» **Information**:
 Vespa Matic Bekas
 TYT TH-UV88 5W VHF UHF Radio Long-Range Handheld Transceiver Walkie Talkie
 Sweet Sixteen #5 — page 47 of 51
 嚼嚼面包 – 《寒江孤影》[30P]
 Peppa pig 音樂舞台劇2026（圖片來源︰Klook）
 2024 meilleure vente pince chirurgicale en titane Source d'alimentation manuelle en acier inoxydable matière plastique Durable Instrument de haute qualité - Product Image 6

» **Task description**: Exactly the lines from the one containing "Peppa pig 音樂舞台劇2026（圖片來源︰Klook）" through the end of the records above should be returned, with both ends kept.

» **Solution to this problem**:
 Peppa pig 音樂舞台劇2026（圖片來源︰Klook）
 2024 meilleure vente pince chirurgicale en titane Source d'alimentation manuelle en acier inoxydable matière plastique Durable Instrument de haute qualité - Product Image 6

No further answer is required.